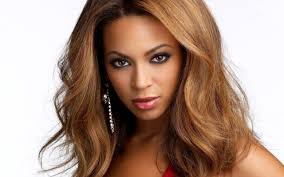 Beyonc&eacute; Inc. Goes Public: Inside the Valuation That Finally Cracked Ten Figures
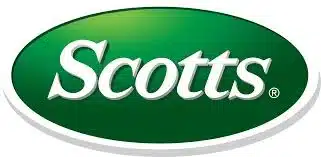 scotts logo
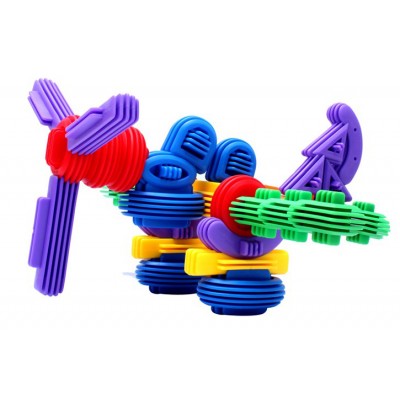 http://www.toyhope.com/69712-thickbox/100-pcs-plastic-building-block-inserting-toy-educational-toy-children-s-gift.jpg
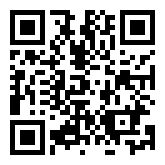 Monster Basketball  QR Code Download Image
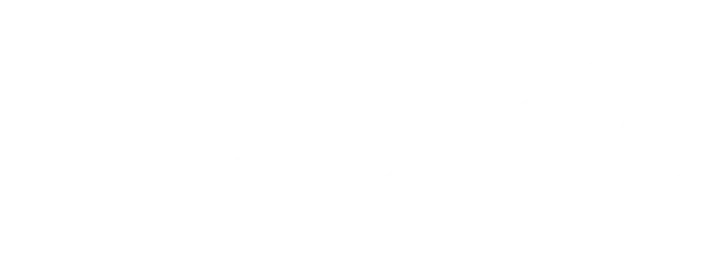 dark logo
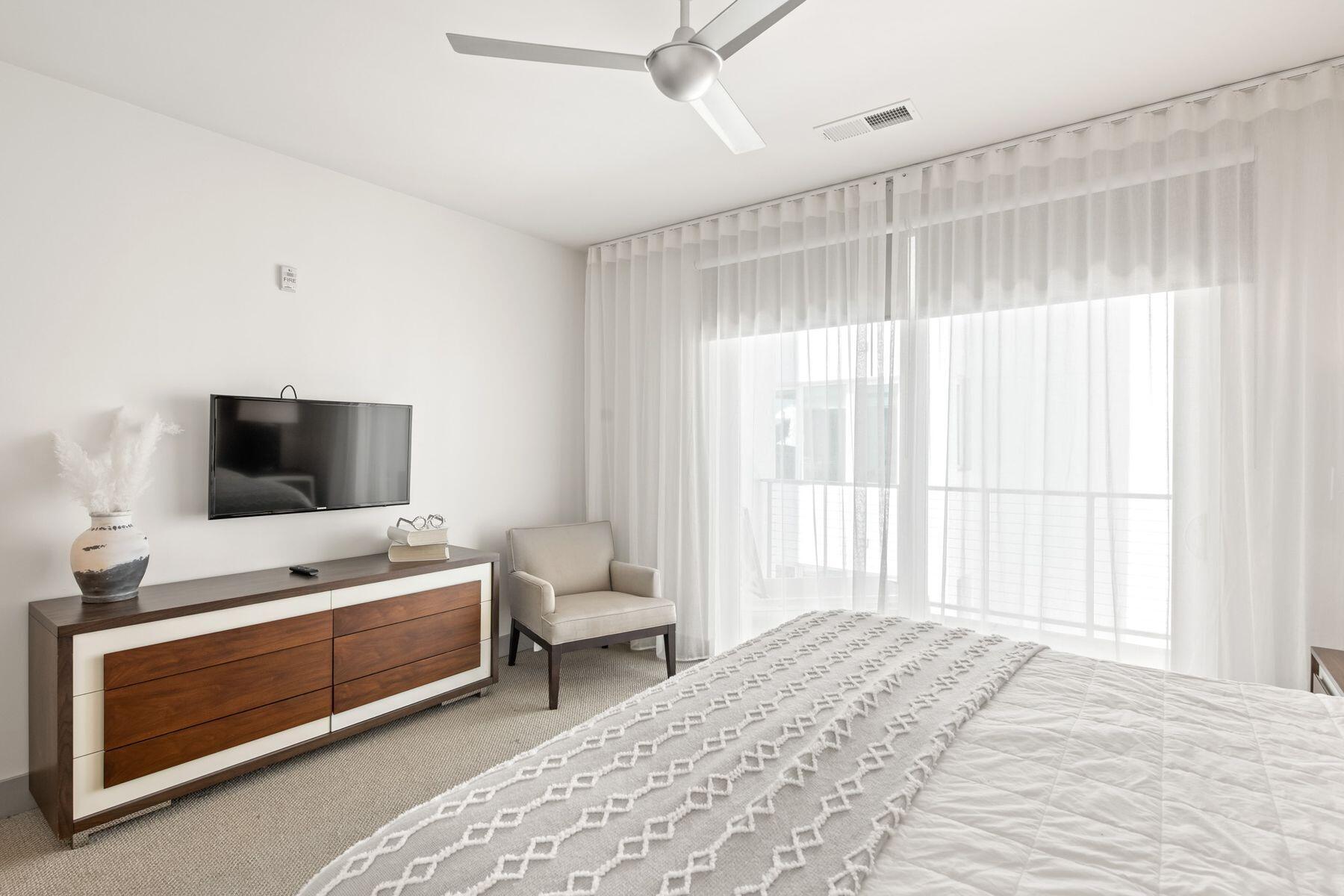 10941 East County Highway 30A, Unit 131 Inlet Beach, FL 32461 - Photo 33 of 54 Bedroom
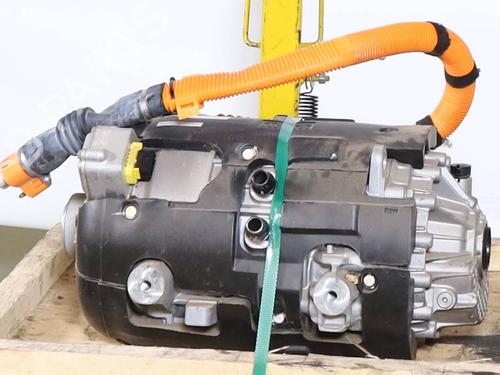 engine-jeep-renegade-suv-bu-b1-bv-2014-37072865 main image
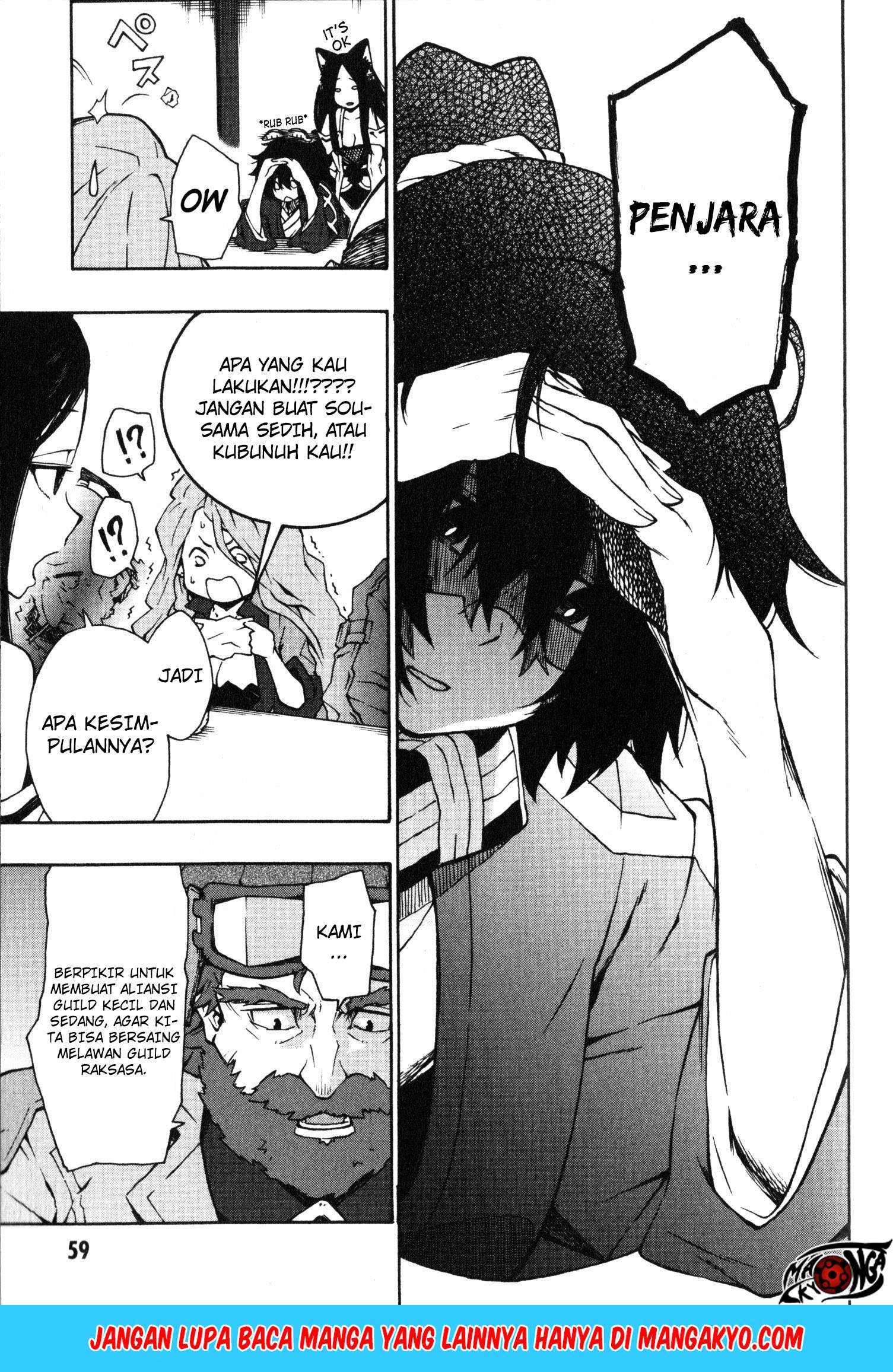 Chapter 9 - halaman 10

══════════════════════════════

Assignment: Restate the entries above word for word, minus the pictures.

Exercise response:
 Beyonc&eacute; Inc. Goes Public: Inside the Valuation That Finally Cracked Ten Figures
 scotts logo
 http://www.toyhope.com/69712-thickbox/100-pcs-plastic-building-block-inserting-toy-educational-toy-children-s-gift.jpg
 Monster Basketball  QR Code Download Image
 dark logo
 10941 East County Highway 30A, Unit 131 Inlet Beach, FL 32461 - Photo 33 of 54 Bedroom
 engine-jeep-renegade-suv-bu-b1-bv-2014-37072865 main image
 Chapter 9 - halaman 10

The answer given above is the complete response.